How Wayfair improves its feature engineering with Vertex AI

Here at Wayfair, our data scientists rely on multiple sources of data to obtain features for model training. An ad hoc approach to feature engineering led to multiple versions of feature definitions, making it challenging to share features between different models. Most of the features were stored and used with minimal oversight on freshness, schema, and data guarantees. As a result, our data scientists frequently encountered discrepancies in model performance between development and production environments, making the feedback loop for retraining cumbersome. The whole process of curating new stable features and developing new model versions often took several months.

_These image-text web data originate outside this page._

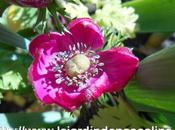 (function(d){ 'facebook-jssdk'; (d.getEle...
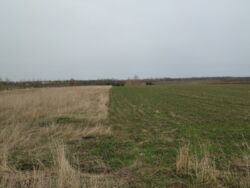 Продається ділянка Тернопільська, Тернопільський, Романівка фото 3 Продається ділянка Тернопільська, Тернопільський, Романівка фото 3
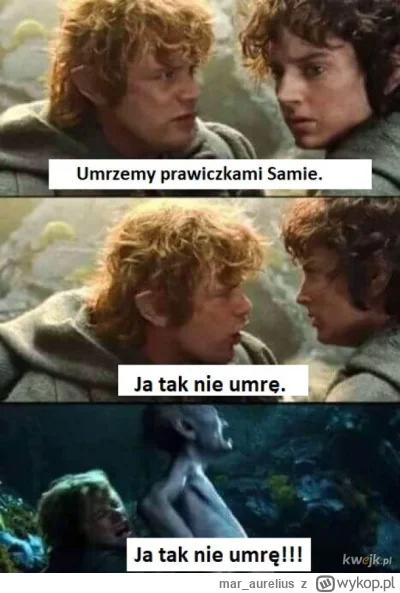 mar_aurelius - #wladcapierscieni ( ͡º ͜ʖ͡º)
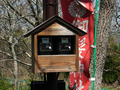 20060412_arashiyama_21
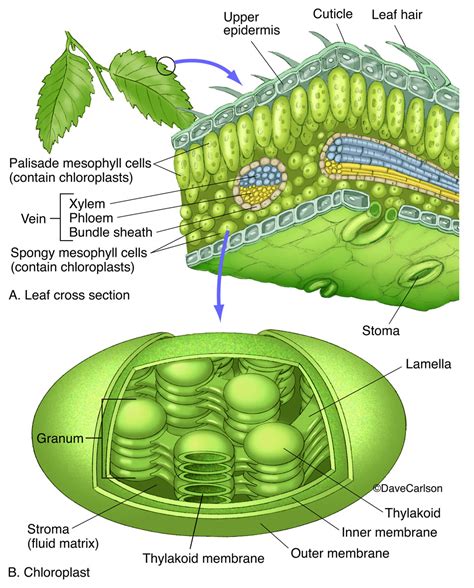 label the parts of chloroplast and the internal structure of a leaf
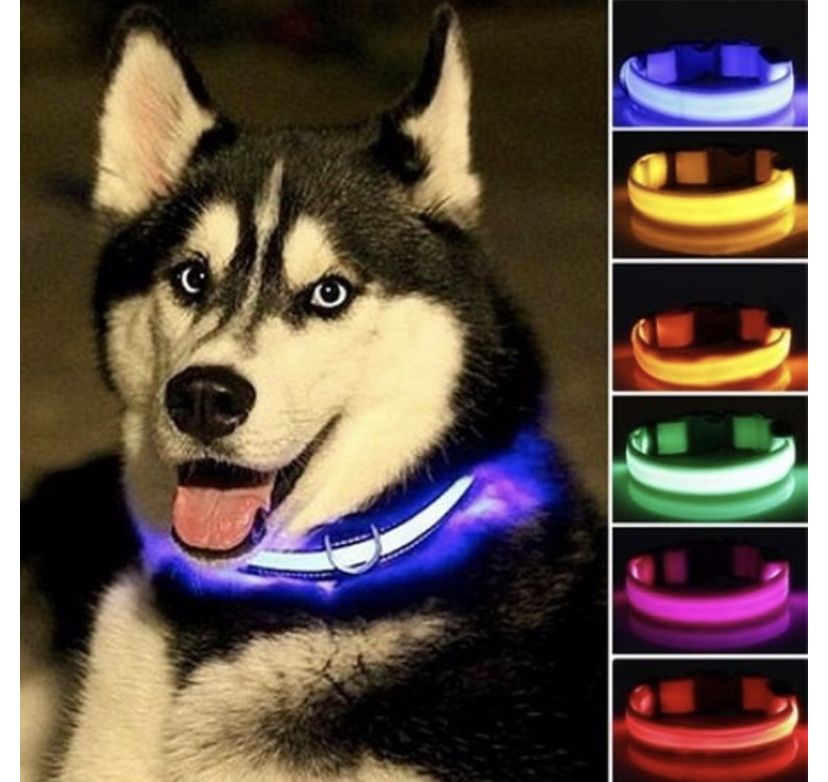 Ошейник с подсветкой для собак с LED лентой USB зарядкой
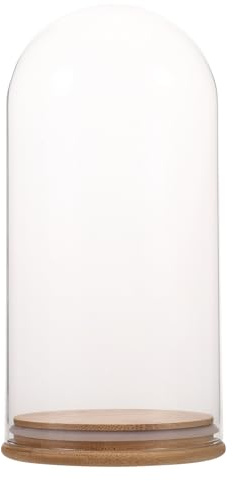 Gadpiparty Cupola di Vetro Trasparente con Base in Legno 10X20 CM Campana di Vetro per Esposizione e Decorazione della Stanza Espositore Protettivo per Fiori e Oggetti da Collezione
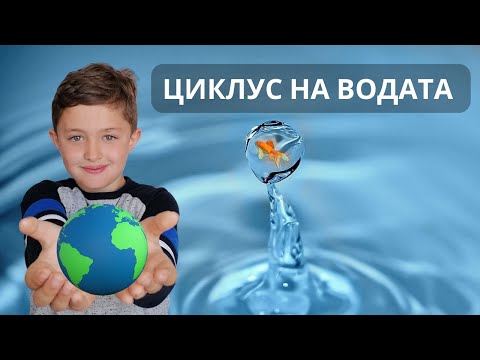 Видео: Планетата која рециклира вода повеќе од 4 милијарди години? Циклус на водата Природни науки 4-то одд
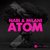 ATOM (Maurizio Gubellini & Delayers Remix)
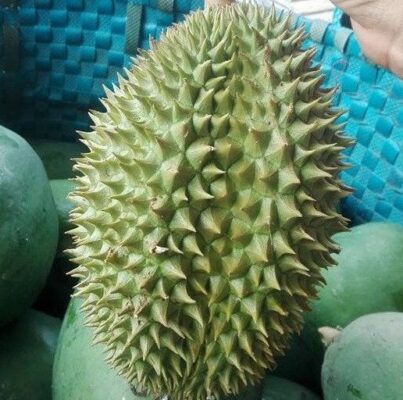 Đặc điểm của sầu riêng khổ qua xanh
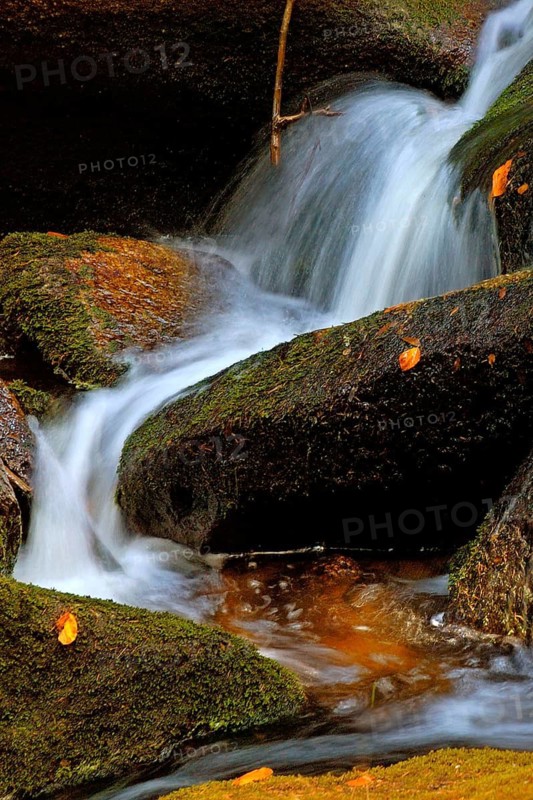 Riparian forest, autumn forest, Bavarian Forest, Bach, Bergbach, Germany, Germany
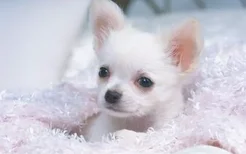 世界上最小的狗狗是什么品种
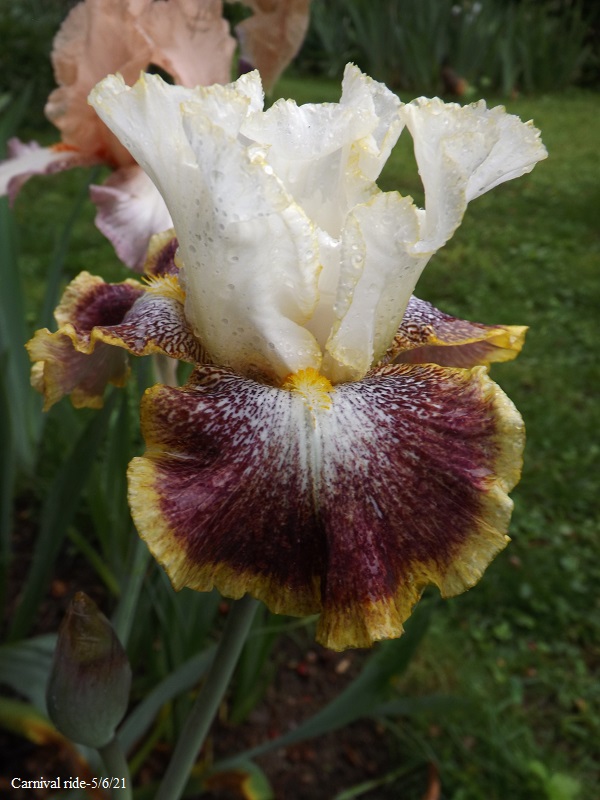 Iris tardifs dans votre jardin Dscf4849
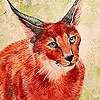 Jouer à Orange tired bobcat puzzle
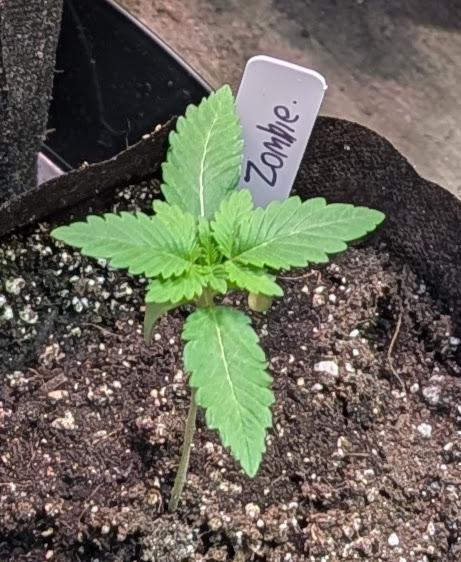 Grampa Zombie. Week 1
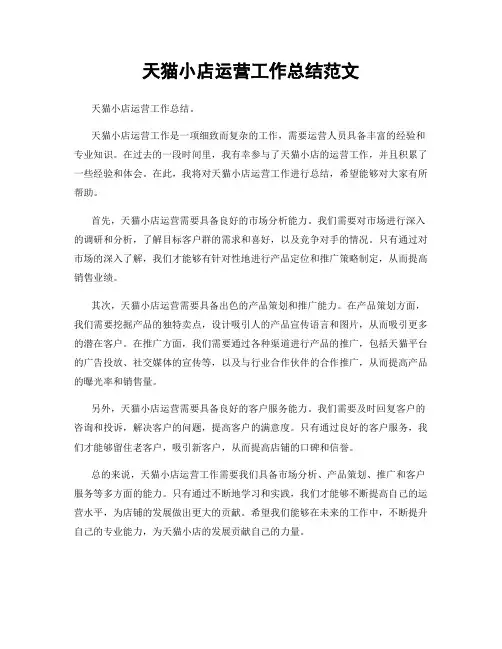 天猫小店运营工作总结范文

To address these issues, the Service Intelligence team at Wayfair decided to create a centralized feature engineering system. Our goal was to standardize feature definitions, automate ingestion processes, and simplify maintenance. We worked with Google to adopt different Vertex AI offerings, especially Vertex AI Feature Store and Vertex AI Pipelines. The former provides a centralized repository for organizing, storing, and serving ML features, and the latter helps to automate, monitor, and manage ML workflows. These offerings became the two main components of our feature engineering architecture.

On the data side, we developed workflows to streamline the flow of raw features data into BigQuery tables. We created a centralized repository of feature definitions that specify how each feature should be pulled, processed, and stored in the feature store. Using the Vertex AI Feature Store’s API, we automatically create features based on the given definitions. We use GitHub’s PR approval process to enforce governance and track changes.